Amyotrophic Lateral Sclerosis (ALS) is a rapidly progressing neurodegenerative disease whereby 50% of cases die within 3 years. Diagnosis involves a clinical examination with a questionnaire-based scale (ALSFRS-R) and a nerve conduction test. The process from symptom presentation to diagnosis can take an average of 12 months and there is a critical need for an objective and economical test to detect ALS.

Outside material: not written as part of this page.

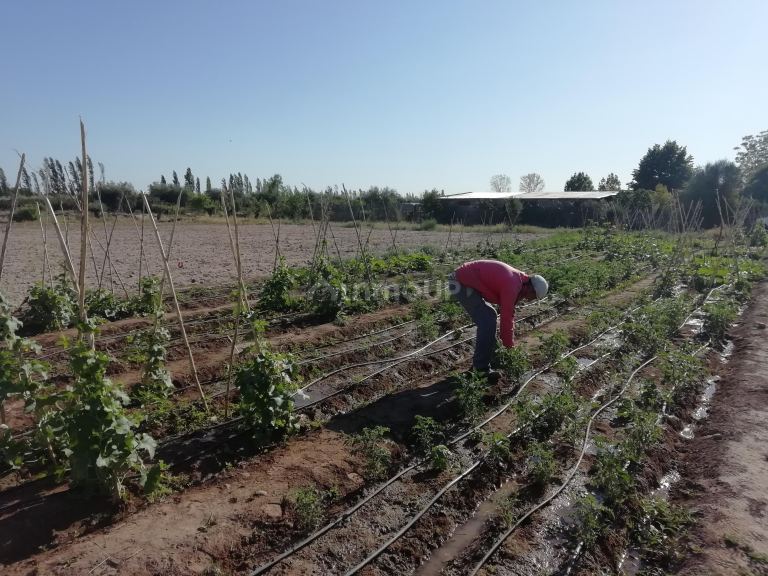 Finca en Venta en Maipu, Mendoza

We have initiated an innovative project, together with collaborators at the University of California, San Francisco (USA, CI: Zaitlen) to investigate cell-free DNA (cfDNA) in ALS. CfDNA is DNA that enters the bloodstream when cells die. It can be measured economically and is being actively used in the prenatal diagnostic and cancer fields to provide direction about treatment and health. Recent work has now demonstrated that cfDNA (detectable when there is cell death) can be mapped back to its tissue-of-origin that is relevant to known disease processes. In preliminary studies, we have found that ALS cases have greater amounts of cfDNA than controls to suggest an increase in cell death is occurring. Now we propose to collect ALS disease mimics and carry out qualitative analysis to help identify an ALS specific cfDNA profile. We hypothesize that the sequencing of cfDNA in ALS cases and controls will show a distinct profile such as neuron and muscle cell death, and this signal could address the ALS biomarker dilemma that currently exists.
Our primary objective is to translate this research into a clinical tool for diagnosis and tracking in ALS. Our project proposal will allow us to continue to test if cfDNA is viable and robust to detect ALS in a larger number of individuals. Identifying if cfDNA is correlated with the primary mechanism of disease and disease progression could offer a minimally invasive, efficient and economical means for diagnosis, disease monitoring, and assessment of response to therapeutic treatment – none of which currently exist for ALS patients.